Yes, but what we outsiders perceive as your internal turmoil is often Constitutional: your gun-nuttery (as the rest of the West perceives it) is a result of your 2nd amendment, and your current SSM culture wars are a direct result of not enshrining sexual orientation as a protected class (unlike, say, South Africa - of course, we had the advantage of drafting ours in the 90s) - like I said, not keeping up with the times, and not really a selling point to us foreigners.
And yes, one of those sources is Democratic Underground and one of them is Free Republic, I just wanted to show there’s a lot of non-partisan feeling that the Icelandic story was buried.
Combined with a legal system that on one hand puts a very large weight on precedent, and on the other can be literal to ridiculous extremes. That concept of “classes specifically listed as protected are the ONLY classes that are protected”, for example. The Spanish constitution doesn’t list “sexual orientation” as a “reason by which it is illegal to discriminate”, but when someone brought it up those Fathers of the Constitution still alive to be consulted answered along the lines of “are you fucking nuts? Of course it’s illegal! We weren’t writing a shopping list!”
The stuff that first came to mind has already been mentioned: the best schools (no, only those everybody has heard of, and many that you think of as very good/famous are unfamiliar to the immense majority of the world), the best everything… when what you’re actually best at is marketing and having Hollywood; the pledge of allegiance (as has been mentioned in several threads, this is something which actually keeps many eligible residents from becoming citizens, because they take it seriously).
Not directly from your government, the amount of Americans who think that their way is the only right way, from electoral mechanisms or which offices are elected to accents (these people exist all over, but personally I’ve encountered it in smaller ratios elsewhere); also that they are found abundantly among the college-educated. Note that these aren’t only a PITA to foreigners, they’re also extremely irritating to someone who happens to have a different accent, or to those people who are actively working to change the electoral system one way or another, to continue with my own examples.
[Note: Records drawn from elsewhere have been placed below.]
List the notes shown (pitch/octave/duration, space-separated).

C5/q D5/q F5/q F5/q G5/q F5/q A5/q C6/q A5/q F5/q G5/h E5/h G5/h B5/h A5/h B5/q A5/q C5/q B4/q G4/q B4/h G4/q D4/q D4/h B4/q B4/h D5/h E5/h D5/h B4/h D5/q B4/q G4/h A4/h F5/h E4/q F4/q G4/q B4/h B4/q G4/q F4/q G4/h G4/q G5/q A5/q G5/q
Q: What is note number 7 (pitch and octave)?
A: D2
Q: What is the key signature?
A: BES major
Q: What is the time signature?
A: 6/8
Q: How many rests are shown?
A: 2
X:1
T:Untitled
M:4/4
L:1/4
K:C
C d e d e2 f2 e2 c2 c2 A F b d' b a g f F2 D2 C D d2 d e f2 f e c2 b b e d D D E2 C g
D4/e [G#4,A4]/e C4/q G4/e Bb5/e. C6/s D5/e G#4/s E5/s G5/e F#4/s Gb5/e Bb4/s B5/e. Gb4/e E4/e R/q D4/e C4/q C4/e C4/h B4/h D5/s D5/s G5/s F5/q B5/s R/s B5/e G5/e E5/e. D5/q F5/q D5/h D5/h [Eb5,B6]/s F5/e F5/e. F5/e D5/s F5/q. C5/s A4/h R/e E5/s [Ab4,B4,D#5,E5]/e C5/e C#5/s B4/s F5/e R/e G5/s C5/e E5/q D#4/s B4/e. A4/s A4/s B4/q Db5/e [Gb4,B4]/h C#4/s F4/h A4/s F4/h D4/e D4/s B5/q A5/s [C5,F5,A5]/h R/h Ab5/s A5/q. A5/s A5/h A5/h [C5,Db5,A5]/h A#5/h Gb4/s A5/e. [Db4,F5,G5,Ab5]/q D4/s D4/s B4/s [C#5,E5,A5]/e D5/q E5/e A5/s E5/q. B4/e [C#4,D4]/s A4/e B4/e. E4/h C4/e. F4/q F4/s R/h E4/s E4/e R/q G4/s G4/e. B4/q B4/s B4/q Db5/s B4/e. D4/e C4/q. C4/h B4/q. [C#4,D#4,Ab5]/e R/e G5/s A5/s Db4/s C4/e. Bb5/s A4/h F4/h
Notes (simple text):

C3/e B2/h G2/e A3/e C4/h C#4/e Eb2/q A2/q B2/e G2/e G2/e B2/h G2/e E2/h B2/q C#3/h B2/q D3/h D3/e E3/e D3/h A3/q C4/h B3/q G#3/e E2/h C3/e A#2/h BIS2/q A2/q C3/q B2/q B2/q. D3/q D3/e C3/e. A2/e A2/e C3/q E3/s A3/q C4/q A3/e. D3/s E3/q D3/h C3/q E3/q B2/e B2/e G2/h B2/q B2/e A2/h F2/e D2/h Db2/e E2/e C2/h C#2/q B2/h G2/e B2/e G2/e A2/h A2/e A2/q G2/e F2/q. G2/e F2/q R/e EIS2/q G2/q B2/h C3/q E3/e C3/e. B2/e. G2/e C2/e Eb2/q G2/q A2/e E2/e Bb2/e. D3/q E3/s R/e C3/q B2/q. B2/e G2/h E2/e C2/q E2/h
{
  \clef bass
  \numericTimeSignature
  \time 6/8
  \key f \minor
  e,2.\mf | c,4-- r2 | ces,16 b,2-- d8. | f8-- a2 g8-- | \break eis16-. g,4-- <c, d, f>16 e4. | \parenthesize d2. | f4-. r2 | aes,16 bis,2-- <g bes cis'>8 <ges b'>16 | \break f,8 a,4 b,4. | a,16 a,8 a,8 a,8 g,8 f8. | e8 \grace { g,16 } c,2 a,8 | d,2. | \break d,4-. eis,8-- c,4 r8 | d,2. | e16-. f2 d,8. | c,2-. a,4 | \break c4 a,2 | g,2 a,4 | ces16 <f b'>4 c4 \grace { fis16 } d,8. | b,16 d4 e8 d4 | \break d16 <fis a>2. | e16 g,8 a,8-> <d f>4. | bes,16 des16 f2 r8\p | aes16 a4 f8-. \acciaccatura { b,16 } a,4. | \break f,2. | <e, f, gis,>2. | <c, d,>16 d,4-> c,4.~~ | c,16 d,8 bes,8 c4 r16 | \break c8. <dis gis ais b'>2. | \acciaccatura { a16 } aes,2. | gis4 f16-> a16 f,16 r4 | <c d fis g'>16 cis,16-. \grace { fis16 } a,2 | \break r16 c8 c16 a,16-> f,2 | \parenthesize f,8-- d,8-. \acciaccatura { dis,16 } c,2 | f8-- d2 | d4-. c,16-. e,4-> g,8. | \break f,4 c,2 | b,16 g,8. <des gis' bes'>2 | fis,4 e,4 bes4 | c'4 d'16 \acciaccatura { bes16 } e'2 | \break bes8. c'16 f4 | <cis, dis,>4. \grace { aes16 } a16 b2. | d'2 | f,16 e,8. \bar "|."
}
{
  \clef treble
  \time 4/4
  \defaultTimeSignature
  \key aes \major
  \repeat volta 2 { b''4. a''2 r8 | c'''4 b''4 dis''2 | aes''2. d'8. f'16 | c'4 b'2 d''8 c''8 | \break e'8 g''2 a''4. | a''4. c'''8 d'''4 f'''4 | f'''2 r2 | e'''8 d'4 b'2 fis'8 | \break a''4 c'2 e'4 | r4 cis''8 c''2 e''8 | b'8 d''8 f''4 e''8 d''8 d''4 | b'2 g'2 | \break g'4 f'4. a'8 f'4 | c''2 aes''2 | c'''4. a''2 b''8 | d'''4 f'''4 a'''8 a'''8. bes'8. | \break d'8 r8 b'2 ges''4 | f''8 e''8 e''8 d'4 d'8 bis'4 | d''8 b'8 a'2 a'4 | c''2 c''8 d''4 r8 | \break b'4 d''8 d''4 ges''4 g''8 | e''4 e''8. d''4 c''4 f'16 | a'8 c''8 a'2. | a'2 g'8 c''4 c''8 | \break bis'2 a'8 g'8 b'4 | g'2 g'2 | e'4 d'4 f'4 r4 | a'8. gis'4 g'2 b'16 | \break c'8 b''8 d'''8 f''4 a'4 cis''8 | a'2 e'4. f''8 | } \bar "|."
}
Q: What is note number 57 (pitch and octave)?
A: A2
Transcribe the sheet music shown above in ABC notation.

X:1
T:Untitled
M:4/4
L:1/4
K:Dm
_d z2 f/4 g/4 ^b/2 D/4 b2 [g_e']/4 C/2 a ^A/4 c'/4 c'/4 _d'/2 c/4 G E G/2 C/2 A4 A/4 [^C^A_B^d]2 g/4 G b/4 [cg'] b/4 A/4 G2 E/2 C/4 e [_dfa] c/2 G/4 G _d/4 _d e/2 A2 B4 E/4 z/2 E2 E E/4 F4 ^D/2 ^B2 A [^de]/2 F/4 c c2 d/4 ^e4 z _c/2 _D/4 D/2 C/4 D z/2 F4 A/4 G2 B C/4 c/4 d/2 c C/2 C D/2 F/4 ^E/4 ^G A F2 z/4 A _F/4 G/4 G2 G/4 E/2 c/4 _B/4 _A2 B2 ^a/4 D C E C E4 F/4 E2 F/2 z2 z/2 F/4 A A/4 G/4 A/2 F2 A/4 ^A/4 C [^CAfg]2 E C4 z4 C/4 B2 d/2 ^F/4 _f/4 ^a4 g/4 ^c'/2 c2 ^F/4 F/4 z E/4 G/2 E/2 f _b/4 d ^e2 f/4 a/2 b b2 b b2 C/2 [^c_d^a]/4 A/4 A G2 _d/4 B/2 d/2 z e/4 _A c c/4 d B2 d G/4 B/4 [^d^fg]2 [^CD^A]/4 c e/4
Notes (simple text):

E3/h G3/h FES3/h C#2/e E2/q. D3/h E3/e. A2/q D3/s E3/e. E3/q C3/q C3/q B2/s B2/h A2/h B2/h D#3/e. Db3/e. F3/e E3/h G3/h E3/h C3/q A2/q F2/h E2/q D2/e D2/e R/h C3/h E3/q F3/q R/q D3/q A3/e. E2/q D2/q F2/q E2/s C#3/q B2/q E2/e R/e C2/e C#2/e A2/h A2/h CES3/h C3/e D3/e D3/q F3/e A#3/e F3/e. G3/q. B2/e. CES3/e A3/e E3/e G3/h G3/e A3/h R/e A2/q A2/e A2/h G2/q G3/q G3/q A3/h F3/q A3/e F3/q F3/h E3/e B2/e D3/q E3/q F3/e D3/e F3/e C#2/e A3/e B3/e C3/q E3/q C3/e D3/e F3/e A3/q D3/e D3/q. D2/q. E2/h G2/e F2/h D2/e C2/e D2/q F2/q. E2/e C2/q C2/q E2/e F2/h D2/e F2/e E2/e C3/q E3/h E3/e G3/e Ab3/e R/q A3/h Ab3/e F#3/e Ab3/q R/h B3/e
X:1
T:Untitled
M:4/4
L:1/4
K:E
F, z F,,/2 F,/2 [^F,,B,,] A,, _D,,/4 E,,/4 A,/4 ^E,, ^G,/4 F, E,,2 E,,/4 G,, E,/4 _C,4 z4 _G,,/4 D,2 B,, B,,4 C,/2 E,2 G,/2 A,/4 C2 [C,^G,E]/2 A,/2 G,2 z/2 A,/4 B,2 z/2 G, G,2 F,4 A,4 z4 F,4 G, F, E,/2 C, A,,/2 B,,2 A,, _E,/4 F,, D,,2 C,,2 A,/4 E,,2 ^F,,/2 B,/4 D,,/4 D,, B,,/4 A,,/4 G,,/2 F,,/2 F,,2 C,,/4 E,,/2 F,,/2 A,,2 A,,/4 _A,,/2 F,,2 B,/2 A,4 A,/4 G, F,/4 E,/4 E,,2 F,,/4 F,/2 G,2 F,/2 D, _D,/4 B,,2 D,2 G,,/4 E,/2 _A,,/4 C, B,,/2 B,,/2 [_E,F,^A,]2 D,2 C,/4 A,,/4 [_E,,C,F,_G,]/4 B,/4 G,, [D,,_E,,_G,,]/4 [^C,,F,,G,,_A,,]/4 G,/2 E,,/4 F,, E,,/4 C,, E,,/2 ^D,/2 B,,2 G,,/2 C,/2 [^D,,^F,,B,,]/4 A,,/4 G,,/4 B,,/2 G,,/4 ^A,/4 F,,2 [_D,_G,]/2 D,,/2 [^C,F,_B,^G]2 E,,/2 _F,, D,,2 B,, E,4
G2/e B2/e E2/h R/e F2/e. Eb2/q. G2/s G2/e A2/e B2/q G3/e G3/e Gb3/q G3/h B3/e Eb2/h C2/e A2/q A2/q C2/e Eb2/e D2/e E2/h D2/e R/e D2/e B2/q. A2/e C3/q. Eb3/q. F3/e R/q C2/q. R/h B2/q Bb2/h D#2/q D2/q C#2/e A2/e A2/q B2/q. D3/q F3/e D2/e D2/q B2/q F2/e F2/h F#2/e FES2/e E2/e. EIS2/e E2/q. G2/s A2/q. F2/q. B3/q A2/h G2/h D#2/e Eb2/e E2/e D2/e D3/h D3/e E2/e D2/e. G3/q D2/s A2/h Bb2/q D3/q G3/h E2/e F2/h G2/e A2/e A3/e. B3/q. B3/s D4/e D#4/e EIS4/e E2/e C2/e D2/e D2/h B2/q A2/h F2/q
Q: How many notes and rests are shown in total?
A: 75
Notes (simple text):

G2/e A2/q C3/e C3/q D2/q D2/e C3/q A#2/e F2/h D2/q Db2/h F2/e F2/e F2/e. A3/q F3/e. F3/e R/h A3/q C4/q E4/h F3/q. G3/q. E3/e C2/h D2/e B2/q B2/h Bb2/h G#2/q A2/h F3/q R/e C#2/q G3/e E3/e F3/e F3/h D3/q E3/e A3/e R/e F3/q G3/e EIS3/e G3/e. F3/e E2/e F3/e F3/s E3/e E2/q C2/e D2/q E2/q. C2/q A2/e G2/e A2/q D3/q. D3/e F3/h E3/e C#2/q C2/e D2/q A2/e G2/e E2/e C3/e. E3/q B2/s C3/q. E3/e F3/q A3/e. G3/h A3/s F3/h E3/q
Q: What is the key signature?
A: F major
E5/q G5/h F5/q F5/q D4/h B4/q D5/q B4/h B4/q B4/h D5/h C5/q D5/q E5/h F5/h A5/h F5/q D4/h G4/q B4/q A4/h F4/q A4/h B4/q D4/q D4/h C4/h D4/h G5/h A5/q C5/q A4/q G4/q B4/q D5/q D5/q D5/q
This also doesn’t come from your government directly, but I find it very irritating when retcons of pre-existing characters end up producing situations which would have been incompatible with America’s racial history. Given how much you guys love to try and impose your views on race on the rest of the world, the least you could do is own up! (Please don’t throw anything hard)
I always want to point this out, especially in debates about guns, where people often don’t seem to understand the difference between the current legality of something and a position on whether or not it should be legal. The idea that the Second Amendment might not be the best way of doing things, or that it could be changed, just doesn’t seem to come up much.
Also, the implication that America “invented” freedom and democracy. I don’t think I’ve ever heard anyone state it outright, but I’ve often heard Americans say things that imply they imagine Americans came up with these great ideas and the rest of the world is slowly catching on.